About this exercise:
Transcribe the lines below verbatim, skipping the images.

Supplied data:
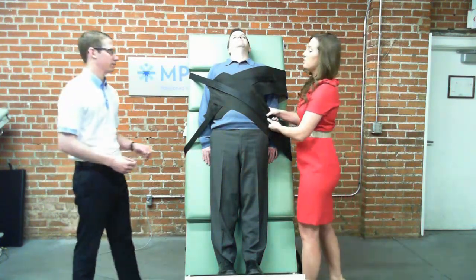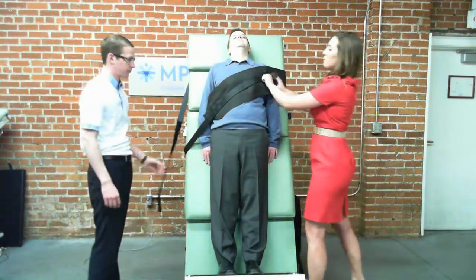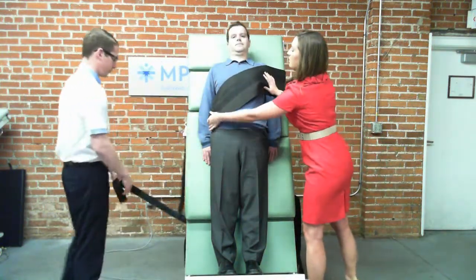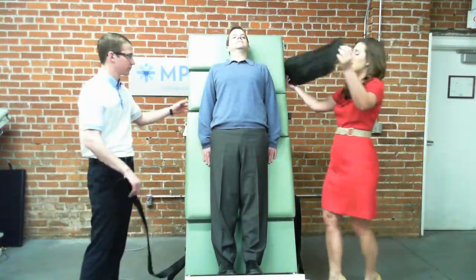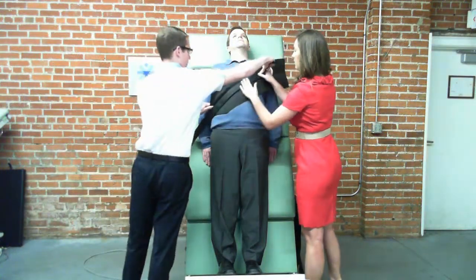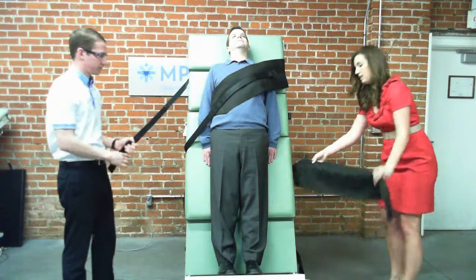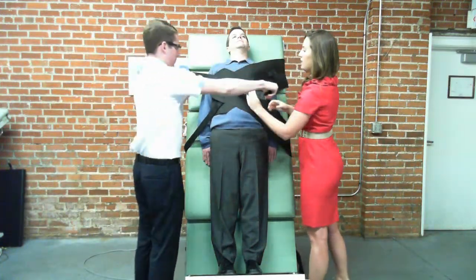So just to demonstrate this real quick, pretty simple process. Start with the larger of the straps, pick it up and cross it down, and then take your other strap and do the same.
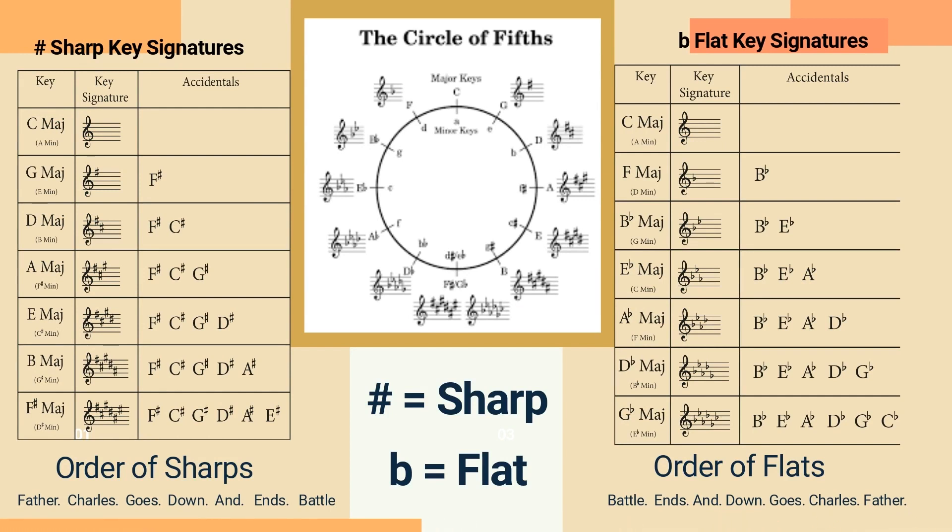On the other hand, a key signature with two flats would indicate that the notes B and E are flat.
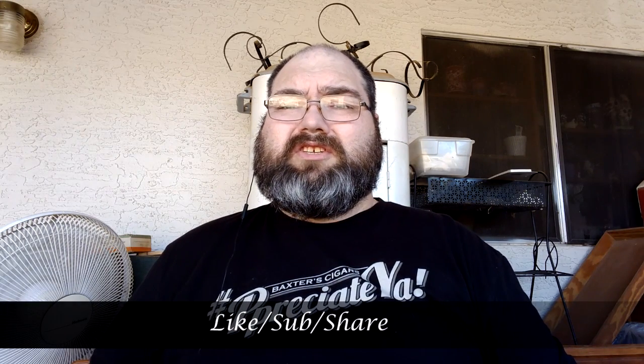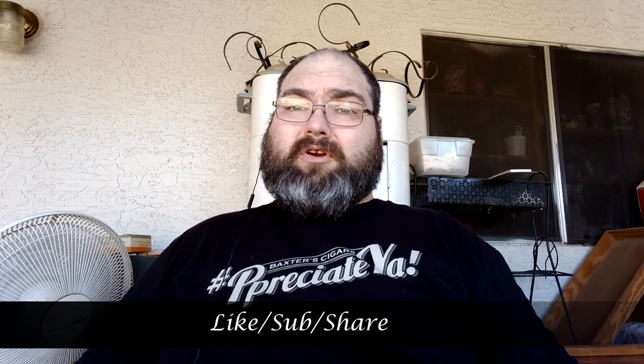If you like this video please hit like and subscribe, and always leave your comments. Thanks again for tuning in to Cigars and Whiskey. Have a great day, have a great smoke, and I'll see you next time.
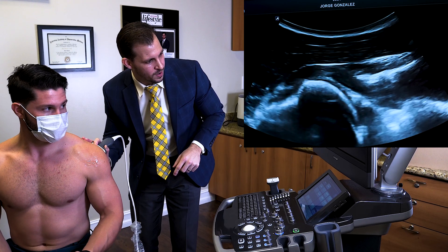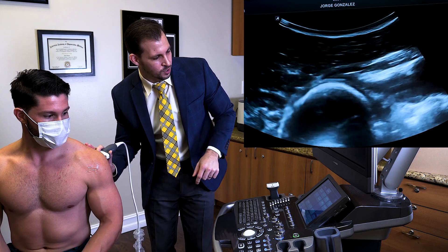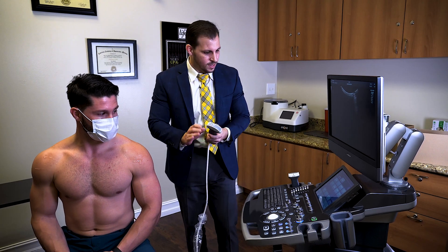Make sure you wigwag the probe to get a better image. If there's any fluid or effusion of the glenohumeral joint, we could also see that. Sometimes if there's been a prior dislocation, we could see a Hill-Sachs deformity as well. This approach is an easy, quick assessment of the posterior glenohumeral joint and visualizing the infraspinatus.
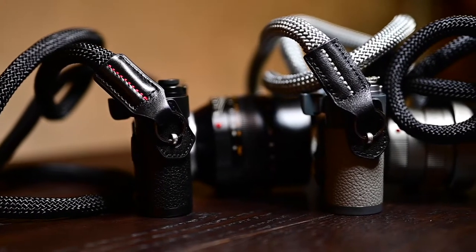Hi, I'm Scott, the owner of the Vivant brand, and I am very proud to introduce to you our latest camera strap design called the Sheetline Evolution.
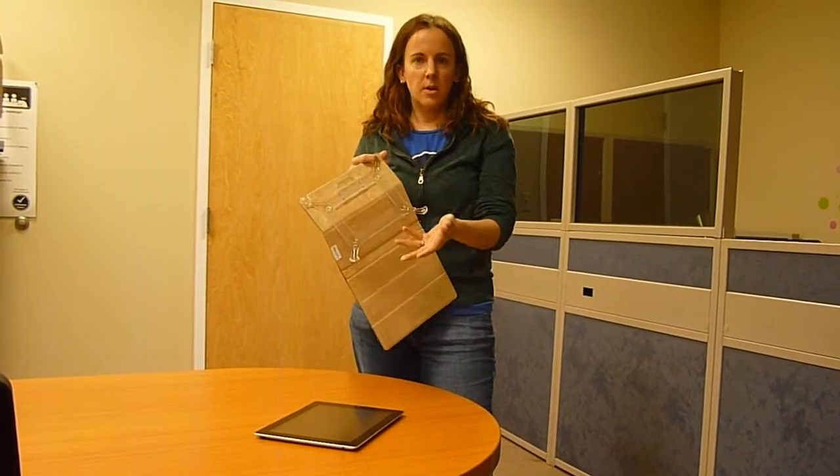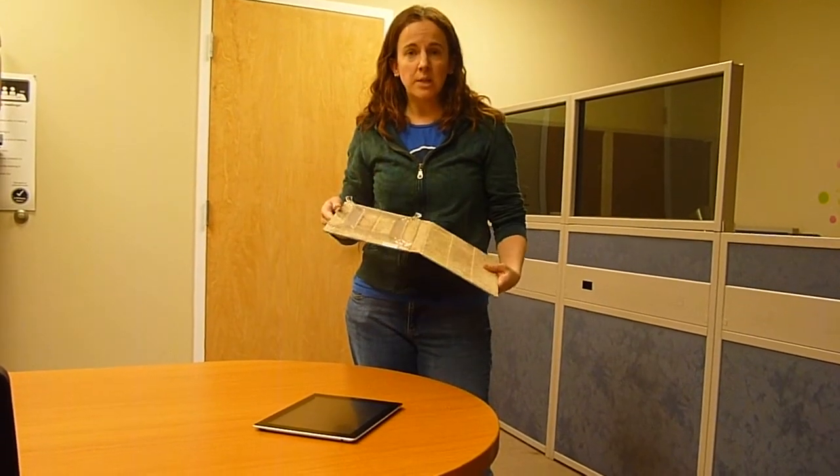Hi, it's Jackie with M-Edge. Recently we've had a couple of customers express some concern about how securely our U-View mounting system holds their expensive iPad. So we're going to do a little demonstration today.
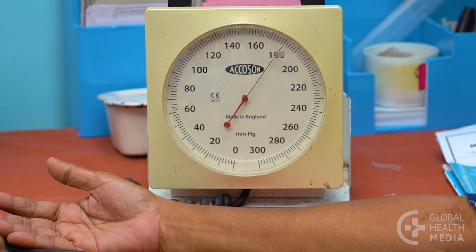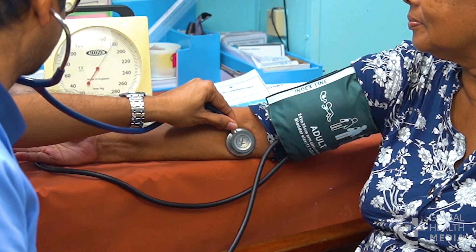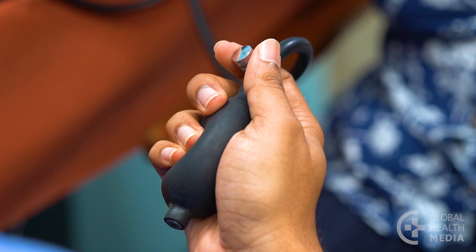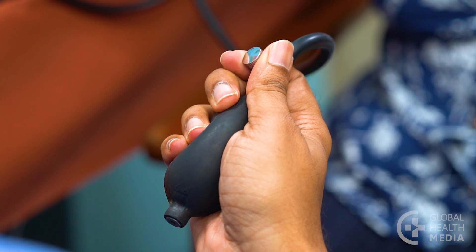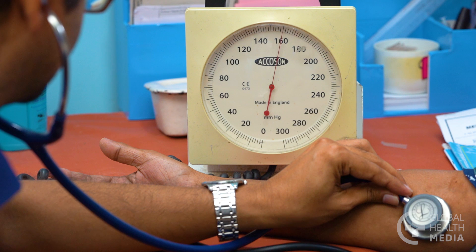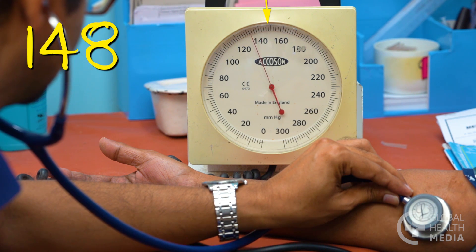Press your stethoscope over the location of the artery at the inside of the bend in the person's arm. Slowly and steadily release the valve and listen for the tapping sounds. The systolic blood pressure is the number when you first hear the heart sounds — this is the top number. The needle may move with the heartbeat, but the measurement is based on the sounds that we hear, not on what we see.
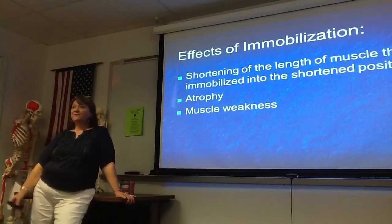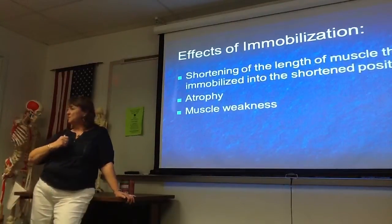The other thing that we're going to have is atrophy of the muscle. It's the classic: if you don't use it, you'll lose it. So basically that atrophy is going to lead to muscle weakness — you just have muscle wasting.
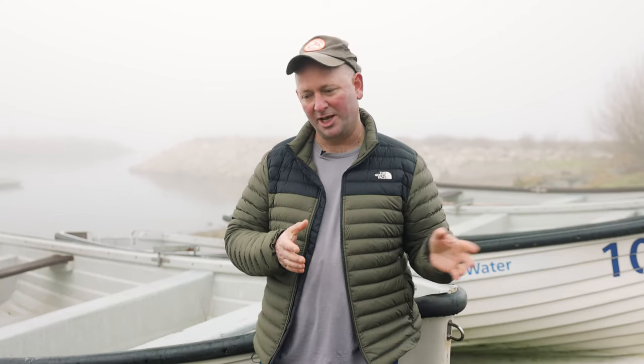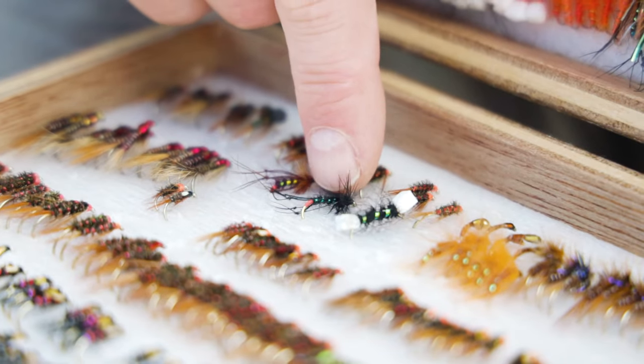Dry flies are great on the reservoirs and have been a big part of the reservoir scene since the early 70s. On smaller still waters they're not really used that much, and I think that's a shame. A lot of anglers are missing a trick because they are very good at sorting out those finicky, spooky fish.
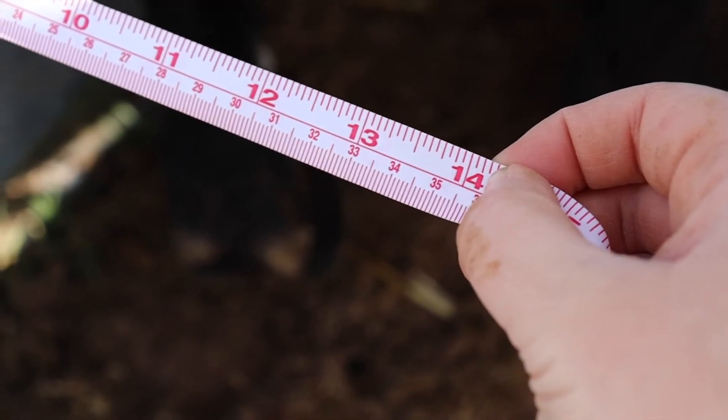3. Avoid placing the thumb of the hand holding the neck of the scrotum between the cords, as this will cause separation of the testes and an inaccurate measurement. 4. Appropriate measuring tape should be used to collect scrotal circumference measurements.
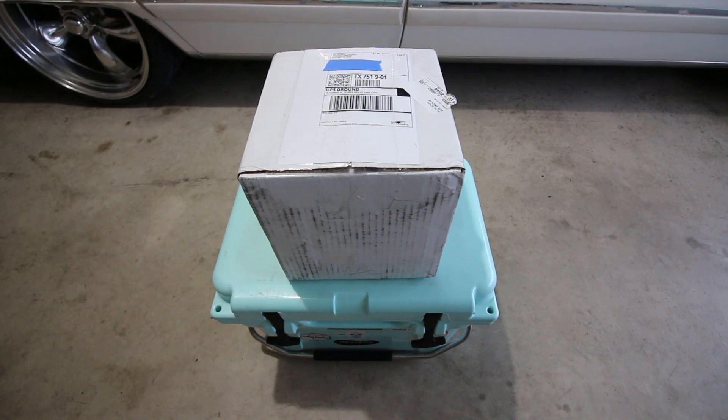Hey, what's up everybody! Today I'm gonna be unboxing something new I got for the wagon — it's gonna be an alternator that I ordered from Auto Tech Engineering. I got with them on March 5th and let them know what my needs were. They got back to me real quick, and today is March 22nd, so a 17-day turnaround from the time I placed my order to the time they built it, shipped it, and let's take a look at it.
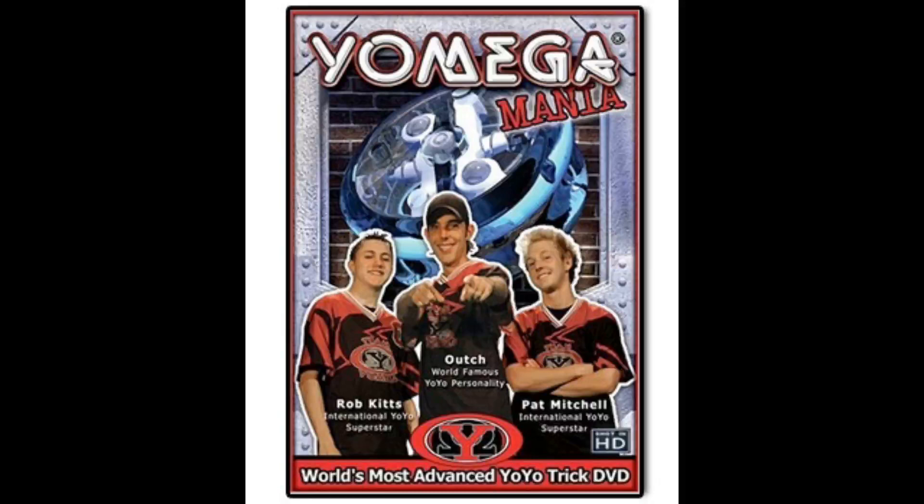And now you can learn them too by checking out Yomegamania, the DVD. Yomegamania brings you over 150 tricks. And whether you're a beginner just learning to throw a yo-yo or an advanced two-handed player, Yomegamania has the tricks to take your game to the next level and have your friends saying, how did you do that?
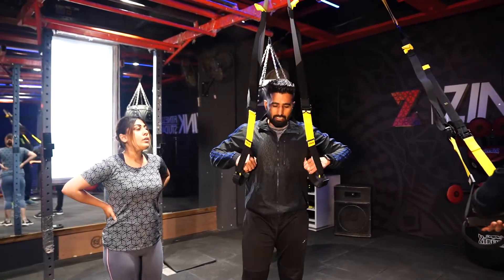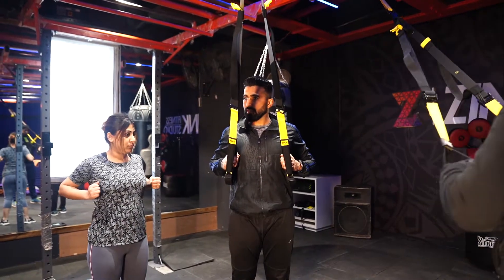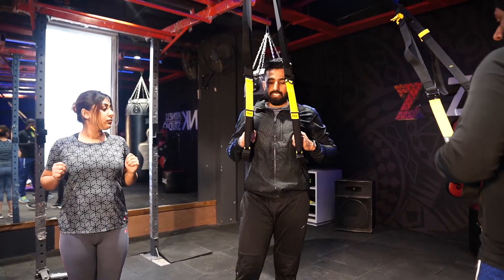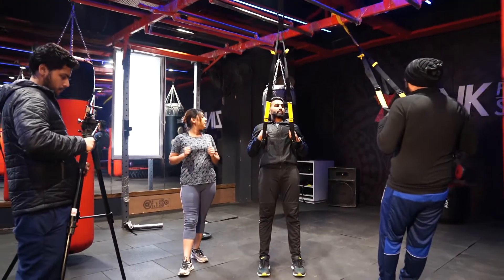This is the TRX low row. Keep your hands behind your ribs and your elbows back, with your eyes on the anchor point. This is the next level — just step down to go lower. The intensity is based on how far you step.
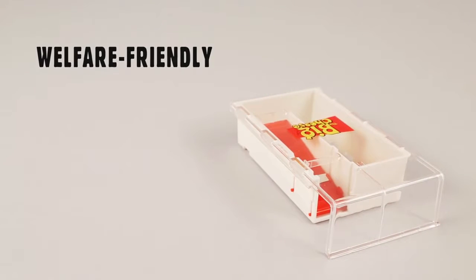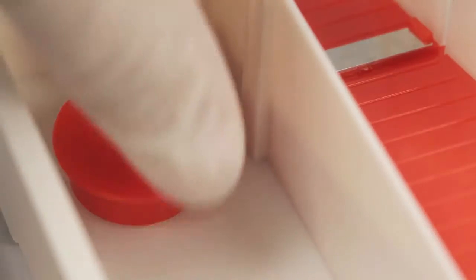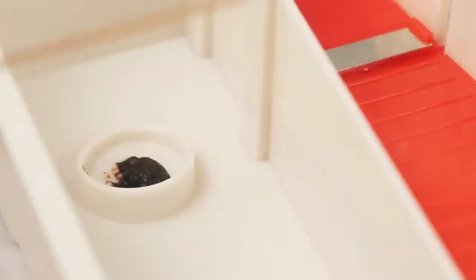Remove all food sources from the area where mice are active. Slide open the trap lid and remove the red bait cover. Replace the lid and position the trap so the tunnel is against a wall.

Reply:
So just to demonstrate this real quick, pretty simple process. Start with the larger of the straps, pick it up and cross it down, and then take your other strap and do the same.
On the other hand, a key signature with two flats would indicate that the notes B and E are flat.
If you like this video please hit like and subscribe, and always leave your comments. Thanks again for tuning in to Cigars and Whiskey. Have a great day, have a great smoke, and I'll see you next time.
Make sure you wigwag the probe to get a better image. If there's any fluid or effusion of the glenohumeral joint, we could also see that. Sometimes if there's been a prior dislocation, we could see a Hill-Sachs deformity as well. This approach is an easy, quick assessment of the posterior glenohumeral joint and visualizing the infraspinatus.
Hi, I'm Scott, the owner of the Vivant brand, and I am very proud to introduce to you our latest camera strap design called the Sheetline Evolution.
Hi, it's Jackie with M-Edge. Recently we've had a couple of customers express some concern about how securely our U-View mounting system holds their expensive iPad. So we're going to do a little demonstration today.
Press your stethoscope over the location of the artery at the inside of the bend in the person's arm. Slowly and steadily release the valve and listen for the tapping sounds. The systolic blood pressure is the number when you first hear the heart sounds — this is the top number. The needle may move with the heartbeat, but the measurement is based on the sounds that we hear, not on what we see.
The other thing that we're going to have is atrophy of the muscle. It's the classic: if you don't use it, you'll lose it. So basically that atrophy is going to lead to muscle weakness — you just have muscle wasting.
Dry flies are great on the reservoirs and have been a big part of the reservoir scene since the early 70s. On smaller still waters they're not really used that much, and I think that's a shame. A lot of anglers are missing a trick because they are very good at sorting out those finicky, spooky fish.
3. Avoid placing the thumb of the hand holding the neck of the scrotum between the cords, as this will cause separation of the testes and an inaccurate measurement. 4. Appropriate measuring tape should be used to collect scrotal circumference measurements.
Hey, what's up everybody! Today I'm gonna be unboxing something new I got for the wagon — it's gonna be an alternator that I ordered from Auto Tech Engineering. I got with them on March 5th and let them know what my needs were. They got back to me real quick, and today is March 22nd, so a 17-day turnaround from the time I placed my order to the time they built it, shipped it, and let's take a look at it.
And now you can learn them too by checking out Yomegamania, the DVD. Yomegamania brings you over 150 tricks. And whether you're a beginner just learning to throw a yo-yo or an advanced two-handed player, Yomegamania has the tricks to take your game to the next level and have your friends saying, how did you do that?
This is the TRX low row. Keep your hands behind your ribs and your elbows back, with your eyes on the anchor point. This is the next level — just step down to go lower. The intensity is based on how far you step.
Remove all food sources from the area where mice are active. Slide open the trap lid and remove the red bait cover. Replace the lid and position the trap so the tunnel is against a wall.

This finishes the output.